A writing groupie considers what jumble she can jive by shoving symbolism into the crannies.

At some point, we all forget how to word. The verbing wonks and we gnarl the parcels. Meaning goes blurr-lick.

My brain scrambled last week and I found myself asking, how does writing work again? That’s an awful question, but sometimes it’s necessary to admit that I need perspective.

This morning I ignored my chapter 6 deadline and focused instead on cleanup. Each hour of work is precious, so stopping myself took some effort. Instead of editing chapter 6, I transcribed some messy character notes, printed the fresh profile sheets, and, most importantly, read Snapshots by Paul Buchanan.

With each page my gnarl-goes-wonk dissipated. Buchanan’s writing is clean. It’s like looking into a crystal pool of water and wondering whether or not you can reach the bottom. Each image is purposeful. Nothing is wasted.

Snapshots reminds me of my short story class in college, where we practiced tight scene-work and were slashed to pieces with every critique. Those are good memories of trying, failing, trying, failing, and trying some more to become the writer that I want to be.

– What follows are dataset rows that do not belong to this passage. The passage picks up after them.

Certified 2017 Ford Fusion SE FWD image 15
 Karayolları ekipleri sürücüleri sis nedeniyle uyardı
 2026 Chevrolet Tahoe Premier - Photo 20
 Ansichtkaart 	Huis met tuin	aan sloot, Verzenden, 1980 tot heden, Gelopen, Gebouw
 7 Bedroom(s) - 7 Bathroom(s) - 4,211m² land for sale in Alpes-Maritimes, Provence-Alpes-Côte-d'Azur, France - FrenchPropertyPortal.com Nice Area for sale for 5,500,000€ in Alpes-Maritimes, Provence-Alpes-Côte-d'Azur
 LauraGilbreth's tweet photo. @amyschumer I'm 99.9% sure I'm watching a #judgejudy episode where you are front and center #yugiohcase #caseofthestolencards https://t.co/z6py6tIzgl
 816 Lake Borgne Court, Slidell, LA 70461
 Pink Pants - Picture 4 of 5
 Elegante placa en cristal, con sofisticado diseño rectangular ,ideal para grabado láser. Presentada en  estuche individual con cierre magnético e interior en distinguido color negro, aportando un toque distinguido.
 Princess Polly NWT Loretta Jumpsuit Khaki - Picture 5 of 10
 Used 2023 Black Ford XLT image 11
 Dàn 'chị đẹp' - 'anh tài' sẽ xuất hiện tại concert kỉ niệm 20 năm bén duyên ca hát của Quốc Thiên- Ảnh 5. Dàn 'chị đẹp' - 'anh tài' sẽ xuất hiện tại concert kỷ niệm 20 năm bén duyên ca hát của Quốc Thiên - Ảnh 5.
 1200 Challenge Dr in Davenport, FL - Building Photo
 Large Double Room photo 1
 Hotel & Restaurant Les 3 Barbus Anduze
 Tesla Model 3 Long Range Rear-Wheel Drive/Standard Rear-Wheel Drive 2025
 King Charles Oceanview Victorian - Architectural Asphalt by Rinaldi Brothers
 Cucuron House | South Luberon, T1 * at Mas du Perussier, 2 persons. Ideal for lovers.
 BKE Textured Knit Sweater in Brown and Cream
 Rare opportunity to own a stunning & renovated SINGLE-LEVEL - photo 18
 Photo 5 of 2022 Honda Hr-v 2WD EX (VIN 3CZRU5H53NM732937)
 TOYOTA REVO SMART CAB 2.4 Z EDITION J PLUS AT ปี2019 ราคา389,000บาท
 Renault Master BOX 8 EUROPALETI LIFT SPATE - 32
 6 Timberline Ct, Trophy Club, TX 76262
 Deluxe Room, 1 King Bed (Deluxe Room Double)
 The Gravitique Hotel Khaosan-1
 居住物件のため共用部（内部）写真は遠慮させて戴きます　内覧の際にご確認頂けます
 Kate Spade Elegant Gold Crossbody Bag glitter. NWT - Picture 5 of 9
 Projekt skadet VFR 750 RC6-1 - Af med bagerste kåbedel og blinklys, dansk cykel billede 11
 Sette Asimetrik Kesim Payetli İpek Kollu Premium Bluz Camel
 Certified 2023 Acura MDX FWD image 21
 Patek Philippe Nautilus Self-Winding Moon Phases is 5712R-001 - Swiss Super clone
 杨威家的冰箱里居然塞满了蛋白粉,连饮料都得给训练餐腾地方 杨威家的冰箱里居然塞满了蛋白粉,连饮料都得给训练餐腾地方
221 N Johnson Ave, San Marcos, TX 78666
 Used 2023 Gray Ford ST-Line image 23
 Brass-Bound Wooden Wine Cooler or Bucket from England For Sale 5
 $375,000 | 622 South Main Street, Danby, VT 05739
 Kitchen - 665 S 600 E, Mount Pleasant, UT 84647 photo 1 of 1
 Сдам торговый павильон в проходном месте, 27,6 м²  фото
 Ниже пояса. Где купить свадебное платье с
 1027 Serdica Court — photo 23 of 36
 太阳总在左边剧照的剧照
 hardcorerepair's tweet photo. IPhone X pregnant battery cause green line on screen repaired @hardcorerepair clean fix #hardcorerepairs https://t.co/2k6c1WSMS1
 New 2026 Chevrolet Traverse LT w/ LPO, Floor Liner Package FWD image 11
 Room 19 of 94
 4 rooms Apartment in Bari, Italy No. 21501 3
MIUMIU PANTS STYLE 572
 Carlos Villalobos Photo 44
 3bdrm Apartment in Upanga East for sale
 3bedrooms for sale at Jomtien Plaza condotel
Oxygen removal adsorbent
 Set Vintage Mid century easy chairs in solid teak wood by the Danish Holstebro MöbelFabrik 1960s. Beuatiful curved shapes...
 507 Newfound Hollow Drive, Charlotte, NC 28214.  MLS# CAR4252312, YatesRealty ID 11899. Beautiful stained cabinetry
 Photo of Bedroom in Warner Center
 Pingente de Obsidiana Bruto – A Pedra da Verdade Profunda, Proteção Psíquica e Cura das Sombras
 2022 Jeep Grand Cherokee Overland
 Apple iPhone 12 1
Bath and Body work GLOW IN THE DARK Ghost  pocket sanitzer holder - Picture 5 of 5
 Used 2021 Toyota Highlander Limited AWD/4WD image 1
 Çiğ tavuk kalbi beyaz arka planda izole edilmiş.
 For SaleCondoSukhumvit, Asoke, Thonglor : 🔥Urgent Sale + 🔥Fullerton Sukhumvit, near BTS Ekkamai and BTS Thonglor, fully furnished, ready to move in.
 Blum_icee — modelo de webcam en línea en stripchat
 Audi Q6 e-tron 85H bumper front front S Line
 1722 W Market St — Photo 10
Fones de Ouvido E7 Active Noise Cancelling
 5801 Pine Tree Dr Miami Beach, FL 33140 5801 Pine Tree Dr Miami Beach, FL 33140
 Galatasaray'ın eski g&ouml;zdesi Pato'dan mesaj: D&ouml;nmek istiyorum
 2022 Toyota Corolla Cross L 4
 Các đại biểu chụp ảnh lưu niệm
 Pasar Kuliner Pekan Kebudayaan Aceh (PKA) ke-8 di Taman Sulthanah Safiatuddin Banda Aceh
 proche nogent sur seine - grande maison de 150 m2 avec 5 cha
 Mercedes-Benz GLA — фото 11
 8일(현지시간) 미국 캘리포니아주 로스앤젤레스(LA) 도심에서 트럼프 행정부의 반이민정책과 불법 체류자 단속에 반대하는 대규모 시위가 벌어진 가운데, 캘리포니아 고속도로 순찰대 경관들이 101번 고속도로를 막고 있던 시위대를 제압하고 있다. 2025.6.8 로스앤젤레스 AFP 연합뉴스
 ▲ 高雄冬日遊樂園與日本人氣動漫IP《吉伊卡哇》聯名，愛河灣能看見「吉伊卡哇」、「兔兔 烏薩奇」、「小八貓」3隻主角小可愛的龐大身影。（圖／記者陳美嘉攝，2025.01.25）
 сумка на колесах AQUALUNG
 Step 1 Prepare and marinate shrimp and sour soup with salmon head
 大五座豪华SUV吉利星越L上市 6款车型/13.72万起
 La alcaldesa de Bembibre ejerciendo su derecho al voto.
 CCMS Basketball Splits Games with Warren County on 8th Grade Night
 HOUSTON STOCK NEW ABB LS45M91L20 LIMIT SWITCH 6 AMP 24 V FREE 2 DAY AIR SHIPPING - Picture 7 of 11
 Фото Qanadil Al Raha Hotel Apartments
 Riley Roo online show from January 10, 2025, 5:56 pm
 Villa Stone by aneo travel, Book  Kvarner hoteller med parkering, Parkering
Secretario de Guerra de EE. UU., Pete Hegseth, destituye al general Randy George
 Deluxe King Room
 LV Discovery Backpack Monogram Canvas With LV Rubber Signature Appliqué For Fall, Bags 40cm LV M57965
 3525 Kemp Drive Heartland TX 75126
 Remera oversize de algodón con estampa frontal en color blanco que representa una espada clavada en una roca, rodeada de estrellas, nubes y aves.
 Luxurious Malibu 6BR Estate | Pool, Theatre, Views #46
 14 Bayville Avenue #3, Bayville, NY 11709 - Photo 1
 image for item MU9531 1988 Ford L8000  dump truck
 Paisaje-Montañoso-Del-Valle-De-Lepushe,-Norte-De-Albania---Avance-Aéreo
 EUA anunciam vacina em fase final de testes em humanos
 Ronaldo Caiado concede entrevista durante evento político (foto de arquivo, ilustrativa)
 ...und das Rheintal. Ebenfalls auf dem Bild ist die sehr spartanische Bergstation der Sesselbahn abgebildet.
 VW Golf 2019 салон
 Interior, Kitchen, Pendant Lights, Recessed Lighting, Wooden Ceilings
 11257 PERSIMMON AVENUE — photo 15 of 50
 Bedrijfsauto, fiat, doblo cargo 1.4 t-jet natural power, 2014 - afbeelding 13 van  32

Every now and then I come across a new book that electrifies me. Sarah Addison Allen’s Peach Keeper did that a few months ago and, as my writing group knows, I would not shut up about it. It’s the type of book that makes me want to improve so badly that I ache for the time and the energy to grow.

I need to keep these books in sight. The writers who are devastatingly better than I am give me perspective. They humble; they encourage. It’s good for the soul.